Amerika Türkiye’yi masada istemiyor çünkü küçük grup toplantılarında öne sürdüğü iki argüman da Ankara’nın tezleriyle tamamen çelişir nitelikte. Birincisi Suriye muhalefetindeki grupların ‘geçici bir yönetim’ kurulması yönündeki ısrarından vazgeçmeye ikna edilmeleri. İkincisi de geçiş sürecine ABD’nin ortağı olan SDG’nin de dahil edilmesini kabul edilebilir hâle getirecek bir formül bulunması. ABD’nin bu görüşlerini ‘non-paper’ olarak yazılı hâle getirdiği belirtiliyor. Non-paper diplomaside resmî olmayan belgeler için kullanılan bir tanım. Resmî olmasa da ABD’nin bunları yazıya dökecek noktaya gelmiş olması önemli. Hem non-paper’da, hem de sözlü tartışmalar sırasında Amerikalı yetkililerin YPG’lilerin Rojava’sından ‘Kuzeydoğu Suriye’ olarak bahsediyor olması daha önemli.

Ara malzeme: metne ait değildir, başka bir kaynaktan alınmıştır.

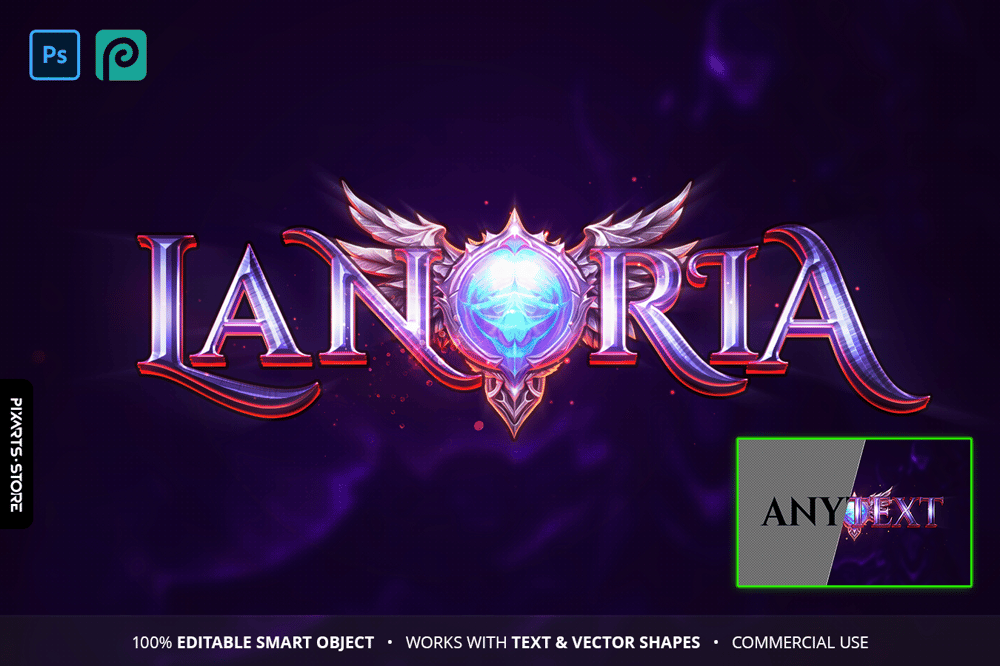 Lanoria Winged Fantasy Game Logo Template PSD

ABD ‘Kuzeydoğu Suriye’ diye kodladığı bölgede kendisini o kadar rahat hissediyor ki iç savaş başladığından beri ilk kez sivil Amerikalıların çeşitli projeler için ülkeye gidişine yeşil ışık yakılmış. Haseke bölgesinde yeniden yapılandırma projelerine destek verecek Amerikan şirketi ve sivil toplum kuruluşu arayışı başlamış.

Suriye’nin geleceğine dair kritik bir mimarinin temellerini atmak için kendi düşüncesine yakın gördüğü ülkelerle sıkı bir egzersize girişen ABD’nin bu süreci Ankara’dan neredeyse gizli bir biçimde yürüttüğünü düşünmek için çok sebep var. Bu tabloya bakarken geçen hafta piyasaya çıkan ve çok gürültü kopartan ‘Gazap ve Öfke’ kitabında yazar Michael Wolff’un yaptığı bir değerlendirmeyi anımsamadan edemedim. Wolff diyor ki; ‘Trump dış politikasını üç kategoriye indirgemiş durumda. Bir, beraber çalışabileceğimiz ülkeler. İki, beraber çalışamayacağımız ülkeler. Üç, yeterince gücü olmayan ve dolayısıyla da umursamayabileceğimiz ya da kurban edebileceğimiz ülkeler’. Türkiye’nin ABD için en azından Suriye konusunda birinci kategoride olmadığı çok açık.